In an effort to further expand its green efforts, the Japanese cosmetics company worked with the Kirin’s Packaging Innovation Research Institute to create a more environmentally friendly plastic material.
Specifically, the company hoped to find an alternative plastic to create the blister packaging for its powder foundation refills, which were previously made from petroleum-derived polyethylene terephthalate (PET).
The PET was replaced with hemicellulose, which is extracted from beer lees, a by-product in the production process of Kirin’s Ichiban Shibori Draft Beer.
Since hemicellulose is a plant-derived material, the company said using it would have less impact on the environment when discarded, even if it is incinerated. This made it an effective measure against global warming, said the company.
However, it was noted that it was difficult to mould and process the material into a sheet to make the blister packaging using only the hemicellulose. Another challenge it encountered was making it odourless and colourless.
In cooperation with Kirin, the companies developed the material by mixing the beer lees by-product with cellulose. The result is a clear material that has the appearance of plastic.
The companies believe this is the first time that beer by-products have been used to create plastic packaging and has applied the necessary patents for it.
With more research and development, Fancl hopes to expand the use of this new material for its various cosmetic products.

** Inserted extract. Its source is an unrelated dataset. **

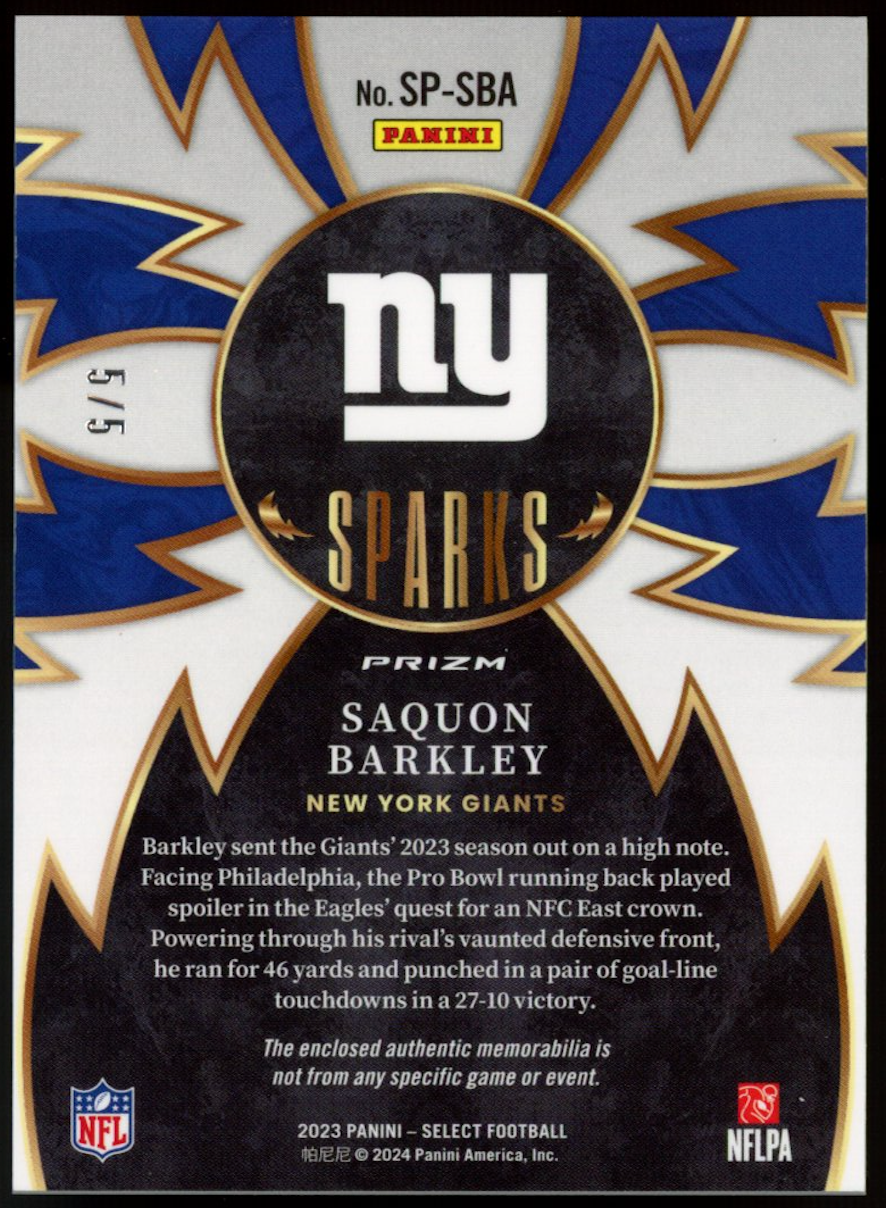 SAQUON BARKLEY 2023 Panini Select Sparks Patch Green Prizm /5 #SP-SBA Giants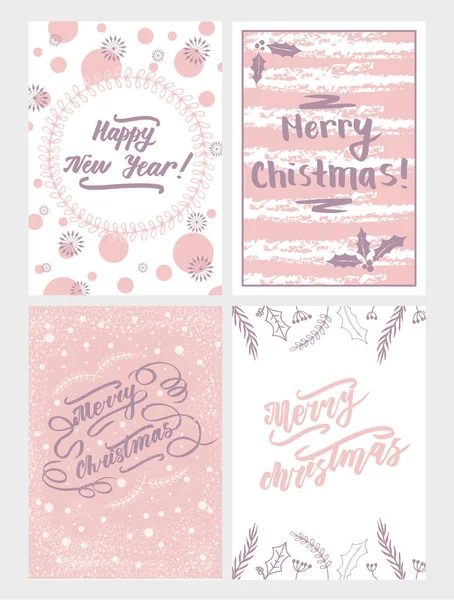 Set Christmas New Year Cards Best Gift Close People Hand — Stock Photo, Image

In 2019, Fancl and Kirin entered a capital and business alliance with Kirin acquiring 33% of Fancl shares.
Moving forward, both companies are focusing their research and development efforts on developing more environmentally friendly solutions, including packaging container design and material developments.
This was part of Fancl’s ongoing initiative to reduce its reliance on plastic and switch to more eco-friendly materials.
In 2022, it redesigned 18 of its make-up products – mainly make-up tools such as make-up brushes.
The company made the switch to using wood that was harvested with environmentally friendly processes for its brush handles. It also changed all outer box packaging from plastic to forest-friendly paper.
Furthermore, Fancl also expanded its empty packaging recovery program last year from 61 to 101 stores. It also set-up its subsidiary, Fancl Smile, with an expanded area to sort and clean the collected containers for recycling.